### Instructions for the task:
With pictures left out, write out exactly every line from the start of the data through the one that contains "I have a quick".
Start of Given material
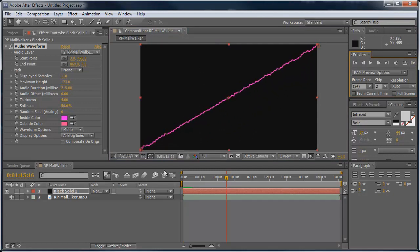So there you have it, an audio waveform in After Effects. Hope this helped, thanks for watching.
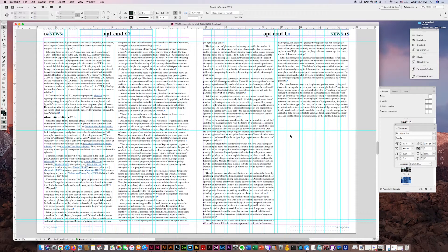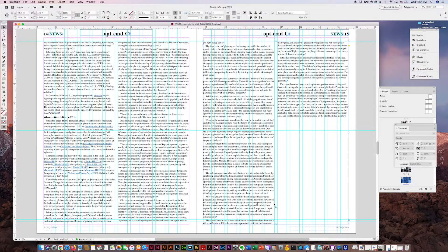I have a quick Adobe InDesign tip for you today. Option-Command-C will allow you to shrink a text box or picture box to the content. It shrinks the box and evens up the columns.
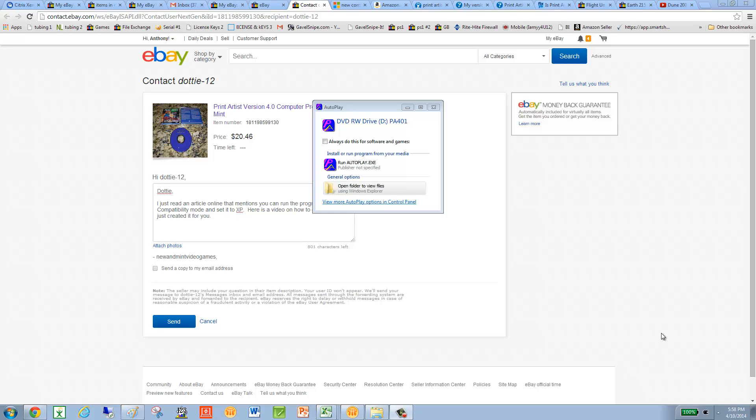Hi Dottie, Tony here. I'm getting back to you about Print Artist Premium. So I'm on a Windows 7 machine right now, and I just read an article that indicates you can get it running in Windows XP emulation mode. So here's how you do that.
End of Given material
### Answer to this task:
So there you have it, an audio waveform in After Effects. Hope this helped, thanks for watching.
I have a quick Adobe InDesign tip for you today. Option-Command-C will allow you to shrink a text box or picture box to the content. It shrinks the box and evens up the columns.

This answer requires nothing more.